What is Loopy Pro? — Loopy Pro is a powerful, flexible, and intuitive live looper, sampler, clip launcher and DAW for iPhone and iPad. At its core, it allows you to record and layer sounds in real-time to create complex musical arrangements. But it doesn’t stop there—Loopy Pro offers advanced tools to customize your workflow, build dynamic performance setups, and create a seamless connection between instruments, effects, and external gear.
Use it for live looping, sequencing, arranging, mixing, and much more. Whether you're a live performer, a producer, or just experimenting with sound, Loopy Pro helps you take control of your creative process.
Download on the App StoreLoopy Pro is your all-in-one musical toolkit. Try it for free today.
Midi clock problem - anyone else?
I'm probably a fool for trying to make my iPads play nice with my DAW, but I want to check if anyone else is having the same problem, or if it's something to do with my setup.

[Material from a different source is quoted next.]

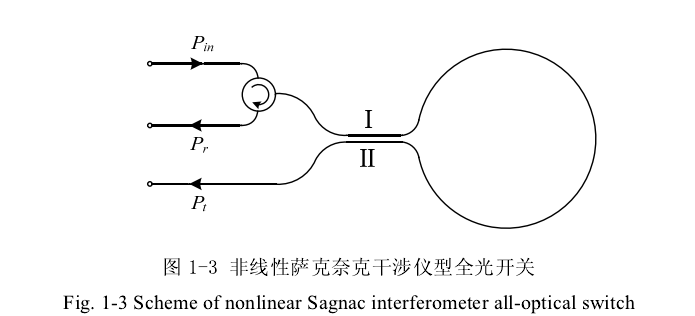 非線(xiàn)性Sagnac干涉儀型全光開(kāi)關(guān)結(jié)構(gòu)示意圖 - 廣西科毅光通信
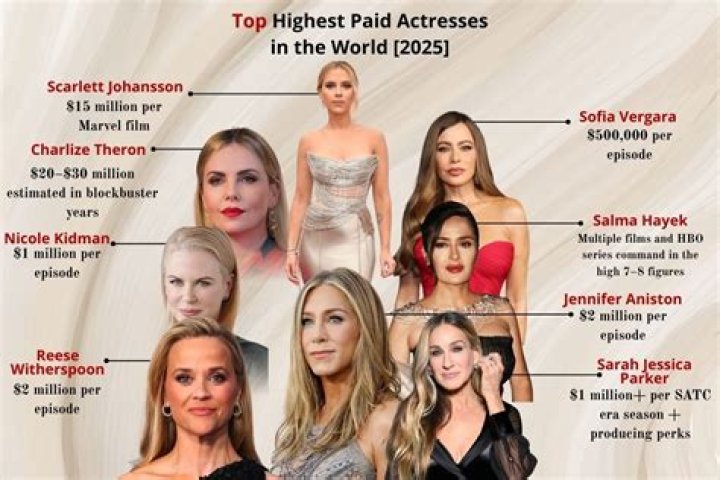 Unveiling The Highest Paid Actress In The Philippines: A Journey To Stardom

Basically, all apps that can receive midi clock from my computer and can indicate bpm, indicate that they get a very erratic pulse. If my DAW is set at 120 bpm, they're jumping back and forth between 119.2, 120.8 and so forth, reasonably close to the actual bpm, but never steady. It's not the DAW either (I think), because Logic and Ableton do the same thing, and it happens with SeekBeats, Funkbox, DM1 to name a few. It's also not the MIDI setup per se (I think), because I tried Apollo before, and now I'm using iConnectMIDI4.

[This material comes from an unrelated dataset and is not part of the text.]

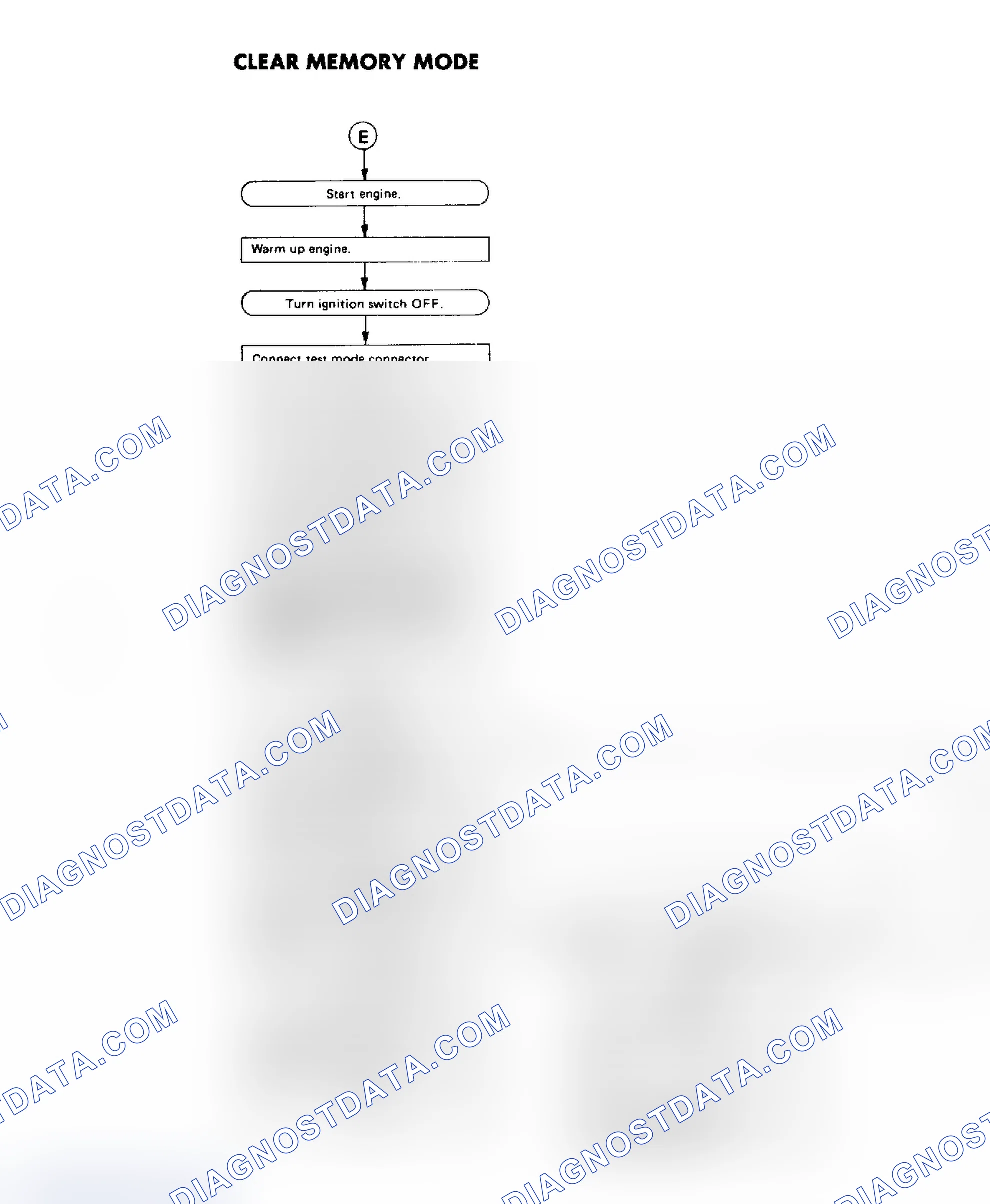 Scheme 37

Is this a well-known, general problem, or is it only me?
Comments
Don't know about hardware - but midi clock syncs is not perfect on ios yet.

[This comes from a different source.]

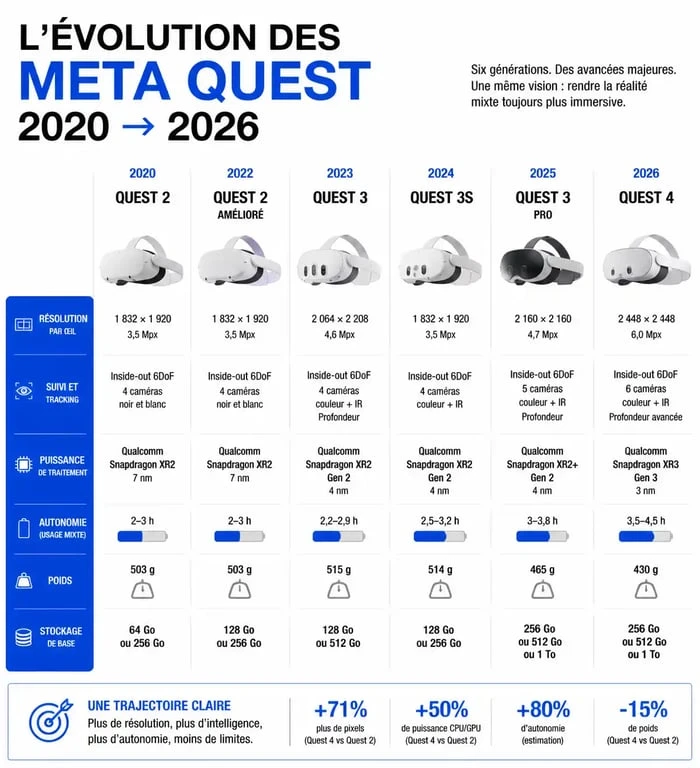 Infographie comparative de l'évolution technique des casques Meta Quest, du Quest 2 au futur Meta Quest 4.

Not perfect? With midi is that not like being just a little pregnant?
I wonder what's so difficult about midi clock sync. It's a pretty ancient technology. You'd think it would be pretty easy to implement in a modern system.
"Midi clock problem - anyone else?"
thanks, I just spit coffee all over my keyboard...
Technical it IS possible with iOS. In very few apps MIDI clock is well and stable implemented, e.g. in Stroke Machine. I have the feeling that proper MIDI synchronization has a low priority for the most developers. While integrating sync support you have to test it with so many other apps and hardware constellations as possible. This fact seems to be a problem for many developers.
Try the Midibus app as a clock source and see if the same thing is detected. Also note that depending on your purposes, measured BPM jitter may not actually affect your real world sync, as long as it averages out and doesn't drift. So do what you're trying to do and only worry if you exhibit problems with drifting.
It's really common to see the bpm fluctuate by a couple of tenths, even if the chain is entirely hardware.
Well, the reason I asked in the first place was not to try to be a comedian, but because I do in fact experience some pretty bad drifting problems and I wanted to know if this was common (which it apparently is). So thanks for that information.
I should have added that the couple of tenths of a bpm are the good cases, in some cases it's more, so it's pretty notable. I haven't made any of my favorite drum apps work to my satisfaction yet. Might try stroke machine, though - thanks for the tip.
I've been working with huge hardware chains in the '90s, so I know about that too, but we never had any detectable problems. Maybe we were just lucky.
Regarding Midibus: That's not going to help me keeping apps synced to a DAW, though, is it? Did you mean just to check the individual app, or something else?
Also, I should add that many apps have much worse problems when it comes to trying to clock sync to a DAW than just fluctuating BPM, which makes it impossible to use them anyway...but that's probably common knowledge too.
Sorry, I mis-read the original post, and had your sync source reversed. You are correct, that syncing to clock is a harder thing for apps to get right (vs producing it), even given a solid midi event delivery setup.